** Opening Data excerpt block **

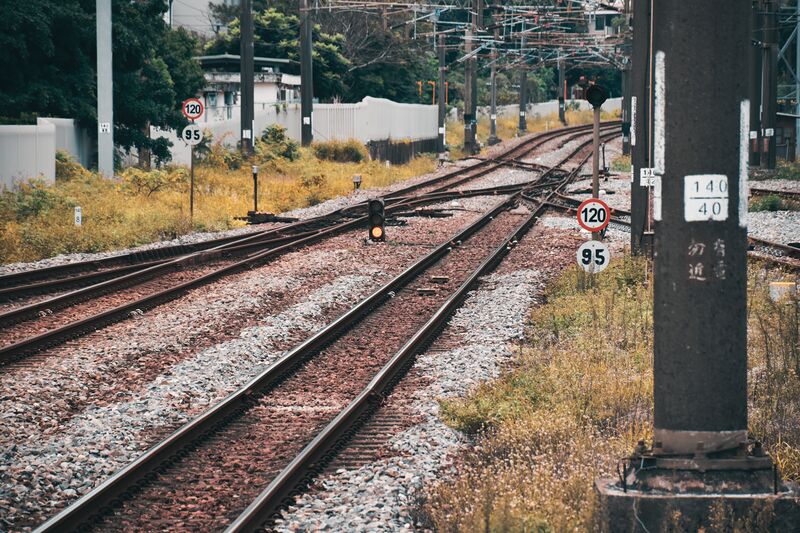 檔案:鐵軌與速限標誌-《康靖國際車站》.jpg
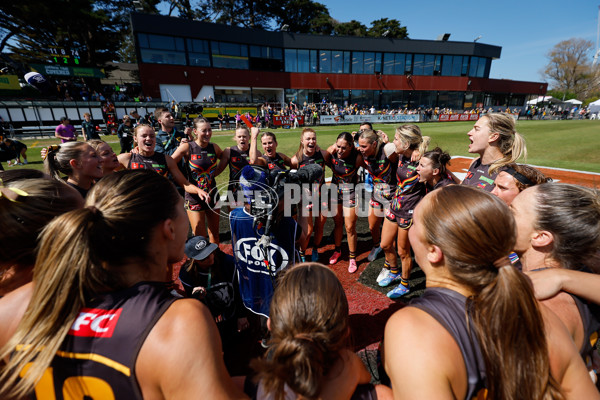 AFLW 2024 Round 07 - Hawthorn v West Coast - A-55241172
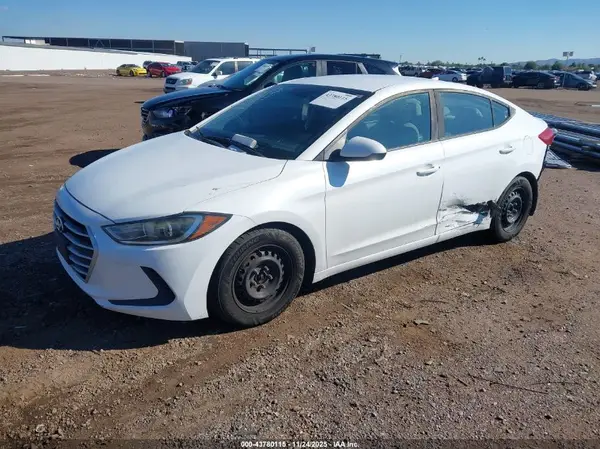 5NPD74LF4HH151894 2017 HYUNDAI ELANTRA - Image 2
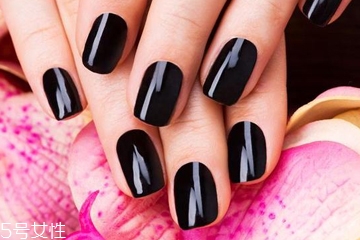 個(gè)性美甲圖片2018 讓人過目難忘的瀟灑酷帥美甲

** Closing Data excerpt block **

[Aim of the task]
Beginning at the line that contains "AFLW 2024 Round" and ending at the last line of the data, return each line exactly; no picture belongs in the copy.

[Answer for this exercise]
 AFLW 2024 Round 07 - Hawthorn v West Coast - A-55241172
 5NPD74LF4HH151894 2017 HYUNDAI ELANTRA - Image 2
 個(gè)性美甲圖片2018 讓人過目難忘的瀟灑酷帥美甲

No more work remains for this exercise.